BuckeyeFishinNut said:


> The reciprocal agreement between Ohio and WV is goofy too. You would think that they could come to some better compromises on some things. The most glaring one is on walleyes. WV is 2 over 18", Ohio throws them in with sauger and saugeye with a 10 aggregate limit. This leads to a lot of WV anglers fishing from the Ohio bank for walleye.
> 
> It really is sad what KY allows to happen to Ohio River catfish due to commercial fishing. Sadly, I don't think the people who have the ability to change these practices care. They just care about the money generated from commercial fishing licenses.



Yes, and the solution seems simple to me, special, coordinated, regs for the Mighty O. -- One and done, simple and clean. 
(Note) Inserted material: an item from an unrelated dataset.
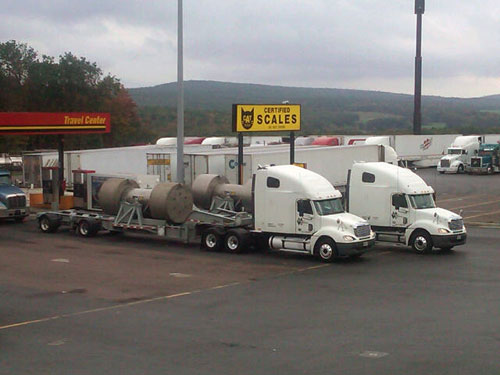 Handle with care: Trucking, tracking hazardous waste through Maryland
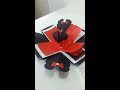 How To Make Mikkie Mouse Exploding box- DIY Exploding Box/ Paper Craft Idea || Nafsi’s Craft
It has not been a problem yet but I enjoy bank fishing and sometimes use the boat to reach the Ohio side for an all-nighter,, Good luck explaining to a WV fish cop that the limit you just unloaded from your boat at the WV ramp was legally caught on the Ohio bank. LOL


----------



## G3guy (Feb 21, 2013)

BuckeyeFishinNut said:


> The reciprocal agreement between Ohio and WV is goofy too. You would think that they could come to some better compromises on some things. The most glaring one is on walleyes. WV is 2 over 18", Ohio throws them in with sauger and saugeye with a 10 aggregate limit. This leads to a lot of WV anglers fishing from the Ohio bank for walleye.
> 
> 
> 
> ...


----------



## Fisherman 3234 (Sep 8, 2008)

The solution to our problems is tied to the Asian Carp onslaught. Commercial Fishermen will never commit to targeting Asian Carp fully as long as the cost for trophy catfish is greater. It's simple economics. The only way the KDFW will get the commercial fishermen to do what they want is by making catfish off limits. If the KDFW is serious about preventing the spread of Asian Carp, they will make transportation of live wild caught fish across state lines illegal as well. What is funny is that I have seen several Big Head Asian Carp end up mysteriously in different Big Cat Paylakes around Kentucky and Ohio... How do you think they got there???


----------



## BuckeyeFishinNut (Feb 8, 2005)

G3Guy,

No doubt, thats why I said its a goofy regulation. You would think the 2 states would be able to find a little more common ground on a regulation like that.

I live close to Pike Island dam but I could be at Hannibal or New Cumberland dams in about 45 mins in either direction. If the regulations were flipped and I kept fish more regularly, I would travel to fish those dams where fishing access is on the WV side.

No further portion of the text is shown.